I'm not done with Stonewall yet. Not by a LONG way ;-)
recent Spectator article 'The limits of Stonewall’s tolerance' by Josephine Bartosch
(extract)
"Instead of listening to the concerns of the women protesting, or acknowledging that there is a discussion to be had on this subject, Stonewall simply stuck to its line that transwomen are women, dismissing any deviation from this as ‘transphobic’. Stonewall’s chief executive Ruth Hunt said that the lesbians involved in the protest ‘have deserted the fight for LGBT equality’ and ‘have no place at Pride’. So much for ‘Acceptance without exception’.
Thankfully, Hunt’s outrage that there are other perspectives on transgender identities is not shared by all of those originally involved in setting up Stonewall. Simon Fanshawe, one of the co-founders of the charity, argues that Stonewall has ‘a historic responsibility to enable calm reasoned debate’. It is hard to see how Hunt’s response meets that test. Fanshawe says he fears that voices – including those of transgender people, some of whom prefer to describe themselves as ‘transsexual’ – are in danger of being drowned out by the reaction of the likes of Stonewall. He says:
‘Some transgender people are proud to identify themselves as ‘transmen’ and ‘transwomen,’ not simply as ‘men’ and ‘women’ and they feel marginalised by the language and ideology that seeks to diminish this difference. I do not wish to invalidate anyone’s experience, but by not acknowledging there is a debate to be had Stonewall are failing in their duty to LGBT communities to enable self-determination for all trans people.’
So why are alternative voices being ignored?
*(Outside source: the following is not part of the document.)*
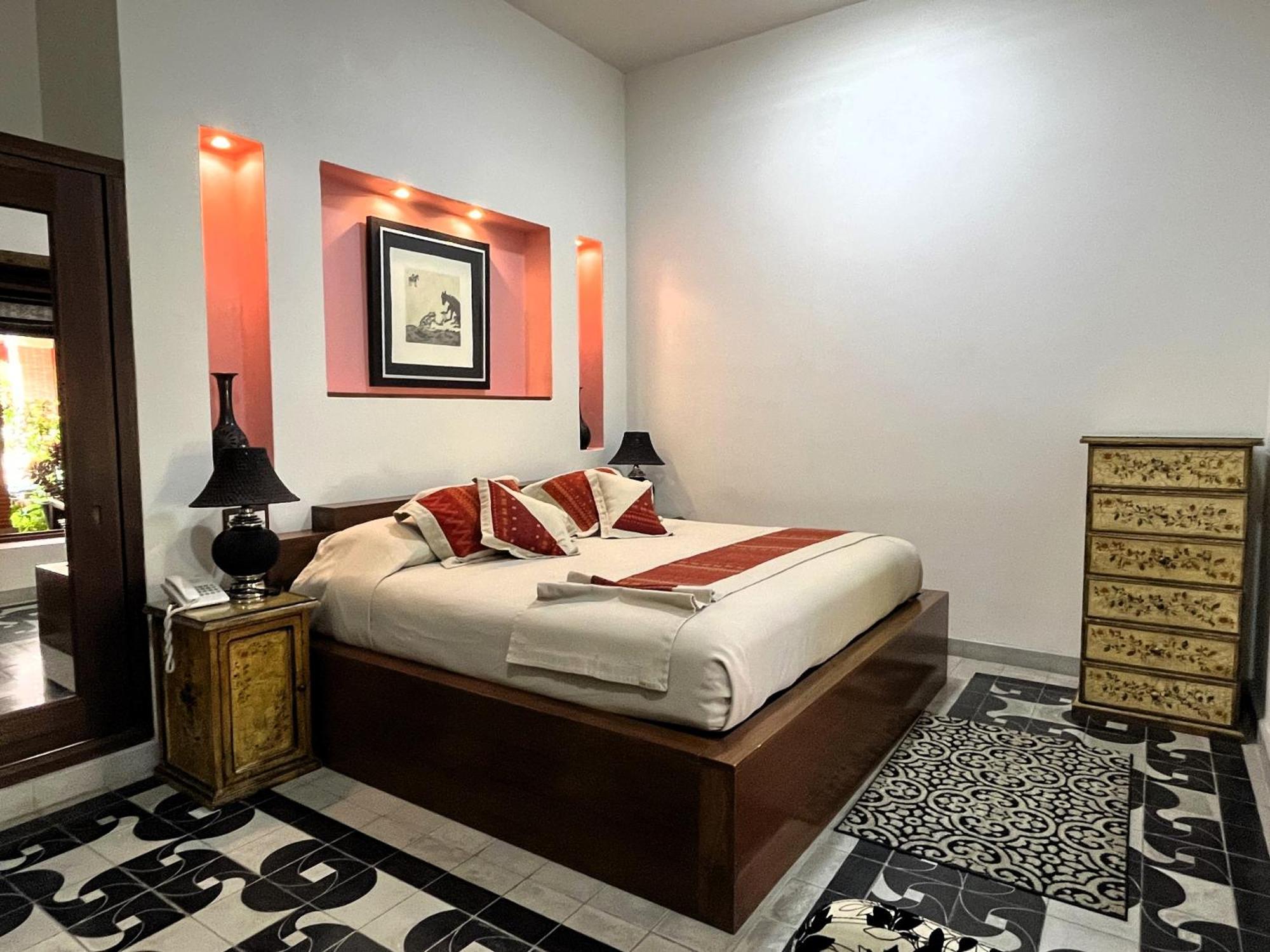 Oaxaca Hotel Siglo XVII Art Gallery מראה חיצוני תמונה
A brief glance at the Stonewall Trans Advisory Group perhaps offers an answer: those who were born male appear to outnumber females by about two to one (a similar ratio to MPs in the House of Commons). Do those who sit on the advisory group have to hold the view that stated gender identity takes precedence over biological sex? It would seem so. Take Alex Drummond, for example, a transwoman who claims to be ‘widening the bandwidth of how to be a woman’ by sporting a full beard alongside the accoutrements of femininity (skirts and make-up). It is not transphobic to suggest that someone with a male body who wears female clothes has no place identifying as a lesbian; it is simply a different perspective.
In an interview in the Guardian in 2014, Hunt said: ‘I am not interested in being the thought police.’ Yet four years on, lesbians who fail to accept male bodied transwomen like Drummond as women are demonised by Hunt as apparently ‘working against’ the LGBT community." (continues)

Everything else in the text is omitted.